Peace is another word for God as is Light and Love and Jesus. I seek and I find and then I must pursue the next seeking and the next finding.

I Peter 3:11
They must turn from evil and do good; they must seek peace and pursue it. [Psalm 34:14]

Through the course of this Lenten study on seeking, I have discovered that seeking is also asking, it’s an internal process, an acknowledgment of now and a need change, it’s humbling, it’s sowing, it’s trusting in both the process and the results, it’s repentance, it’s persistence and desire (as strong as thirst in the desert), and most of all, it’s learning to recognize the One who is sought. It’s a cycle of findings.
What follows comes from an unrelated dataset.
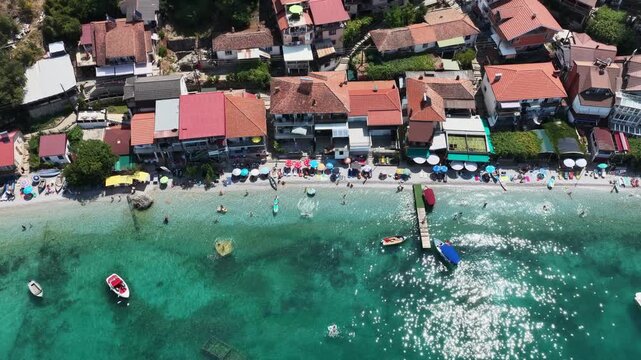 Aerial drone view of Trpejca village on Lake Ohrid, North Macedonia, traditional buildings, crystal clear turquoise lake water, rocky shoreline and beautiful lakeside beach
Like any other spiritual practice, it’s a discipline and requires both mindfulness and diffidence. This is a journey for the long haul. This is a lifelong practice.

I lose the sense of process so quickly along the way. My personality is one that prefers projects (beginning, middle, and END). I want to get there. I want to see the finish line so I know I’m going the right way.

But, alas, the walk of faith is not built this way. I know it in my head and yet, I keep trying to change the rules of engagement.

In nature, every season has a new challenge, it’s either too wet or too dry, too cold or too hot. Predators abound as do victims. Disease finds root and spreads. Death appears unyielding and potent, but then new life springs up with even more vigor, like new growth after a devastating forest fire.

Hope and faith are the fuel of seeking.